■ WORK INSTRUCTIONS
With pictures left out, copy exactly every line from the one containing "İzmir Bayraklı Belediyesi" through the end of the material.

■ GIVEN DATA
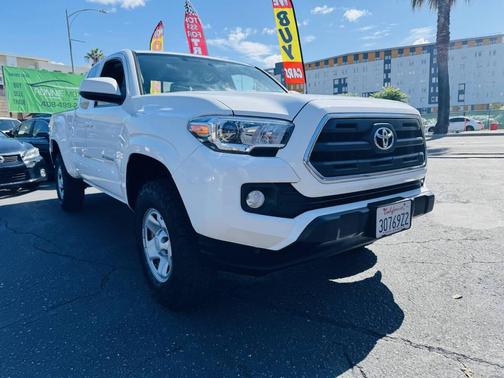 2016 Toyota Tacoma SR5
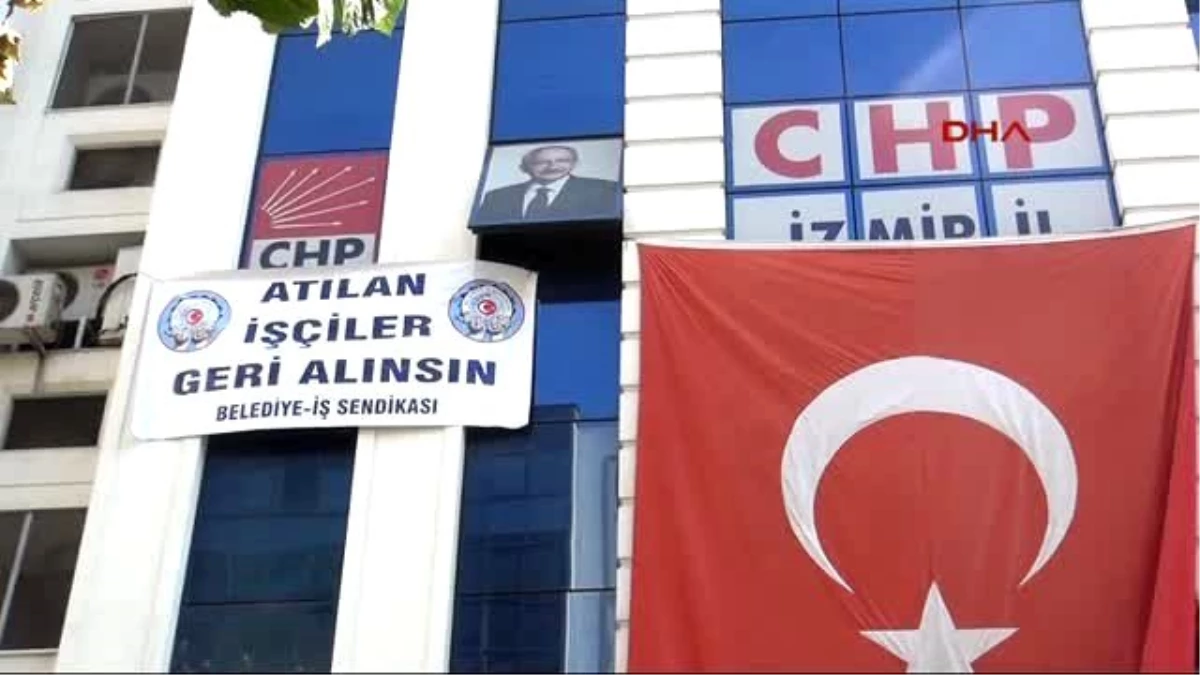 İzmir Bayraklı Belediyesi İşçileri, CHP İl Binasını İşgal Etti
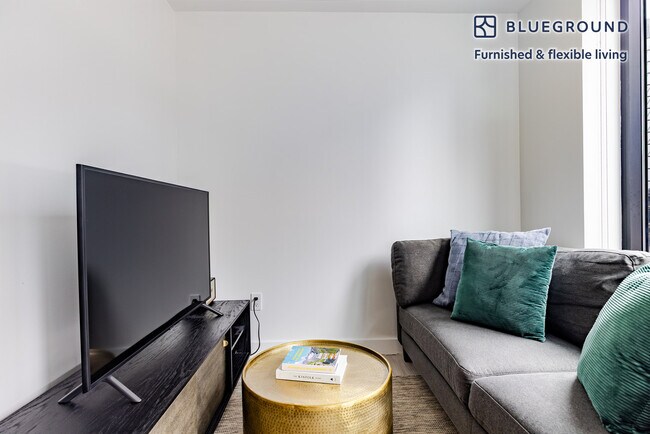 Building Photo - 399 Congress St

■ RESPONSE
 İzmir Bayraklı Belediyesi İşçileri, CHP İl Binasını İşgal Etti
 Building Photo - 399 Congress St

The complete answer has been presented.